The Economic Cooperation Agreements between Taipei and Wellington, and between Taipei and Singapore have been signed without a hitch. The two countries account for only a small percentage of ROC foreign trade. But internally, the two agreements underscore the government's determination to promote FTAs. They also reduce public concerns about the TISA agreement between Taipei and Beijing. Externally, they may reduce other countries' political concerns over FTAs with Taipei. This is highly significant. Now our greatest concern is what should the government do next? With which countries should it negotiate FTAs? How can it promote Taipei's participation in the TPP (Trans-Pacific Strategic Partnership Agreement) and the RCEP (regional comprehensive economic partnership)?
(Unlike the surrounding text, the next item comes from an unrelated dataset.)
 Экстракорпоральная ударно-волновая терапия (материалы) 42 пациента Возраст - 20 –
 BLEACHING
Beijing sees signing FTAs and participating in regional economic integration as the prerogative of a sovereign state. By exercising that prerogative, Beijing has established two political prerequisites for Taipei. One. Taipei must first conclude negotiations over ECFA and related agreements with Beijing. It must establish a free trade relationship across the Taiwan Strait. Two. Before Taipei negotiates and signs FTAs with others, it must first sign FTAs with Beijing. So far Beijing has signed FTAs with Pakistan, Chile, Peru, Costa Rica, Iceland, and Switzerland. In 2010 Hong Kong and Wellington signed a Closer Economic Partnership Agreement. Therefore from Beijing's perspective, once Taipei and Bejing signed TISA, the way was cleared for Taipei and Wellington to sign an ECA. The ASTEP signed between Taipei and Singapore was also acceptable to the Mainland. If it can be signed before the trade in goods agreement between Taipei and Beijing, then Beijing will have offered Taipei a gesture of goodwill.
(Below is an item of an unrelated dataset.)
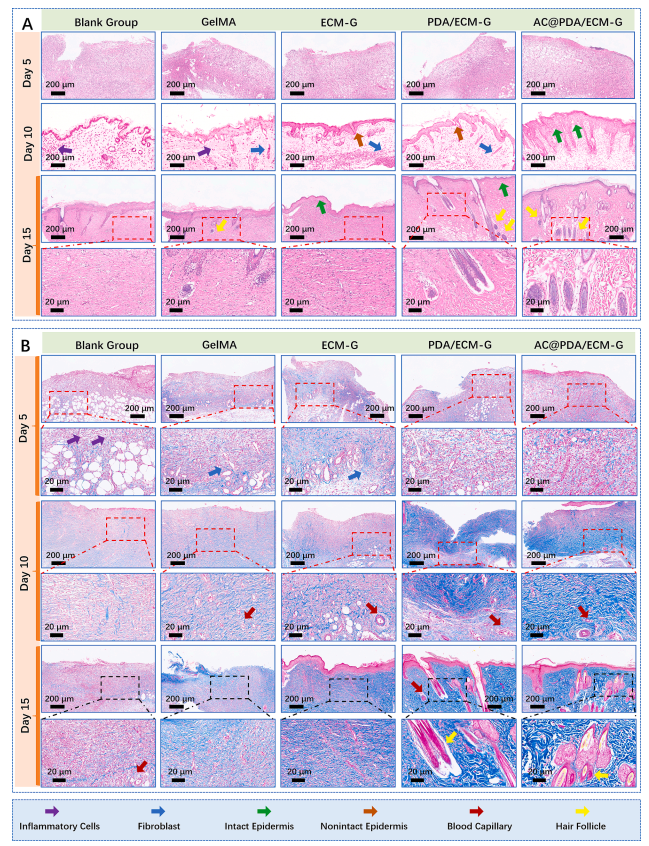 促愈凝胶怎么排出《Chemical Engineering Journal》：可用作可促进愈合的伤口敷料新型生物活性复合水凝胶_https://www.jmylbn.com_新闻资讯_第7张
The first batch of countries Taipei will negotiate FTAs with will of course be its main trading partners. These include the United States, the EU, Japan and the ASEAN countries, but not Singapore. Beijing's political framework however, may impose limits. Some have noted that the government intends to sign FTAs with Chile and Switzerland. Switzerland signed an FTA with Beijing only recently, on July 1 of this year. Chile and Switzerland conduct less trade with us than New Zealand and Singapore. Yet negotiations were more time-consuming. Taiwan's exports have been negatively impacted by South Korea's FTAs with other countries. South Korea is the ROC's primary rival. The ROC's FTAs with Chile and Switzerland are clearly not enough to increase our competitiveness vis a vis South Korea.
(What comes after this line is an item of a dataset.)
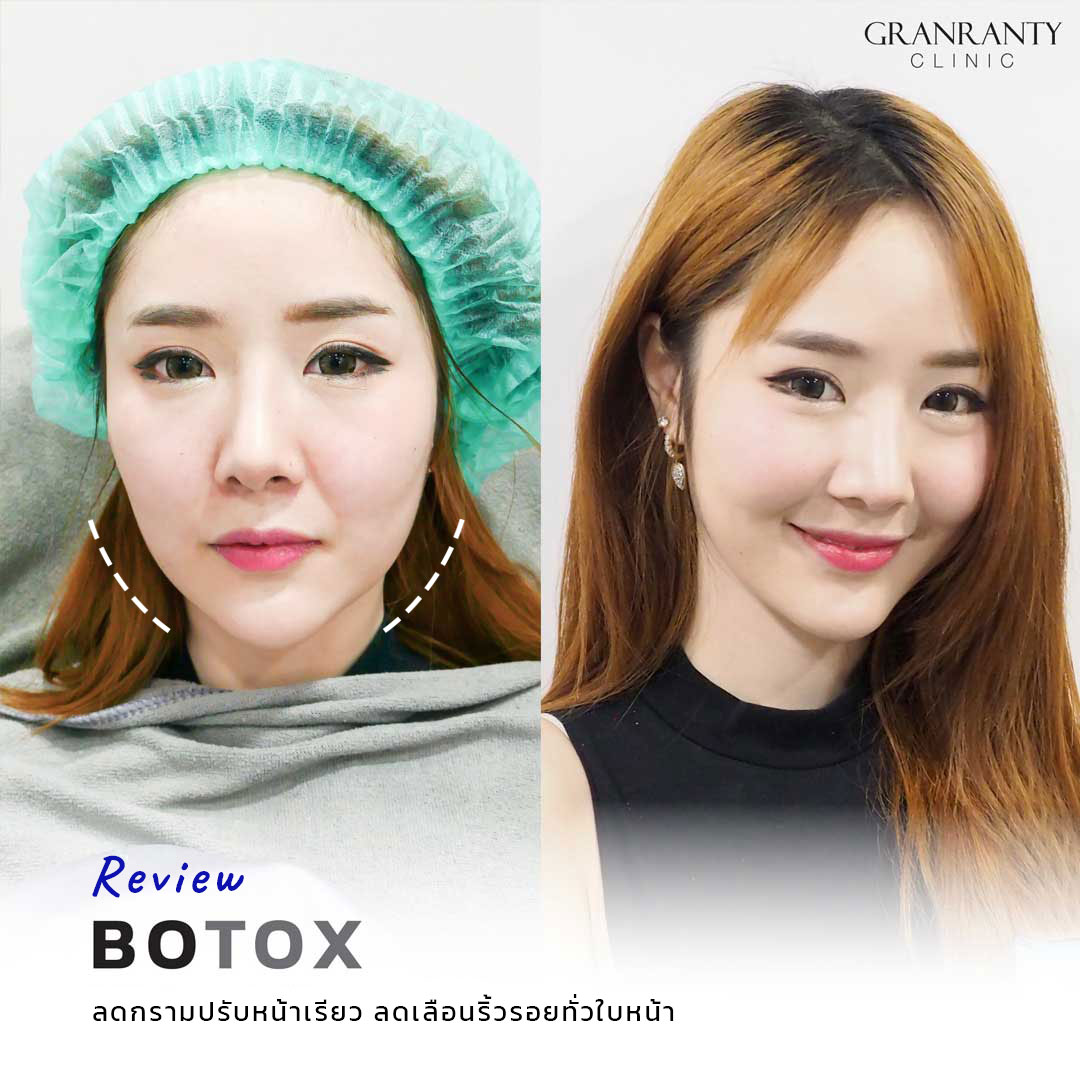 รีวิว BOTOX จีแรนตีคลินิก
We must ensure that our "First the Mainland, then the World" strategy continues to bear fruit. The Ma administration must breakthrough and join the TPP and the RCEP. In late May, Beijing's Taiwan Affairs Office Director Zhang Zhijun told the United Daily News the solution includes two keys. One. Quickly conclude ECFA follow-up negotiations, and increase cross-Strait economic cooperation. Two. Improve cross-Strait communications, because the process of communication is simultaneously the process of establishing cross-Strait political trust. Zhang Zhijun's statement did not depart from the Mainland's political framework. But it underscored a degree of flexibility in Beijing's approach to problem solving and policy formulation.

The Ma administration should accelerate negotiations over the cross-Strait trade in goods agreement and dispute settlement mechanisms. The highest priority is public peace of mind. The administration must ensure the smooth implementation of a full range cross-Strait policy blueprint, TISA, and a cross-Strait trade in goods agreement.

The government must remain forward-looking and pragmatic. It hopes to join the TPP and RCEP. It must improve cross-Strait communication. It must facilitate multipary dialogue and communication. It must emphasize the "big roof concept of China." It must promote regional cooperation and mutual trust. It must ensure Taipei's participation in regional economic integration.

The Economic Cooperation Agreement between Taipei and Wellington has been signed without a hitch. Cross-Strait relations should have no trouble keeping up with the times. Taipei's desire to join the TPP and RCEP will no longer be a distant dream.